Translated from the Chinese by Howard Goldblatt
The Boat to Redemption focuses on the boat people of a Chinese River. The central character is Dongliang, who was once the revered grandson of a revolutionary martyr, but when his ancestry is questioned his life quickly deteriorates.
The main theme of the book is the relationship between Dongliang and his father. It is essentially a coming of age story showing how hard it is to adjust to adulthood, but although it is a very Chinese novel, similar in style to Brothers, the themes of love, heartache and fear are universal.
The book was interesting at the beginning, but the pace was quite slow. It picked up at is progressed and by the half way stage I was captivated – the characters were fascinating and so different from those in Western novels as their superstitions and respect for authority add a different dimension to their problems.
I don’t have a big knowledge of Chinese culture and so I felt that some things went over my head – there were several points where there appeared to be a wise saying, but it didn’t translate well into English. This wasn’t because of a translation problem (I think Howard Goldblatt did a great job) but because there wasn’t an equivalent phrase in English.
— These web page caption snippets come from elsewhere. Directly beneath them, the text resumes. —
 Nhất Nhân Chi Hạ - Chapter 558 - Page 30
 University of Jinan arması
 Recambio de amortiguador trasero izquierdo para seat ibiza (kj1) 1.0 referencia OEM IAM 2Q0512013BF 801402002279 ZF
As with many other Chinese novels there was an obsession with genitalia in this book. I found that some of the scenes put me off my food for a few hours, but there was no explicit sex or extreme violence, so most people will cringe rather than be offended.
I’m sure that this book would be even more impressive if read in the Chinese, but even with a limited knowledge of the culture there is still a lot to enjoy.
Recommended to fans of Chinese literature.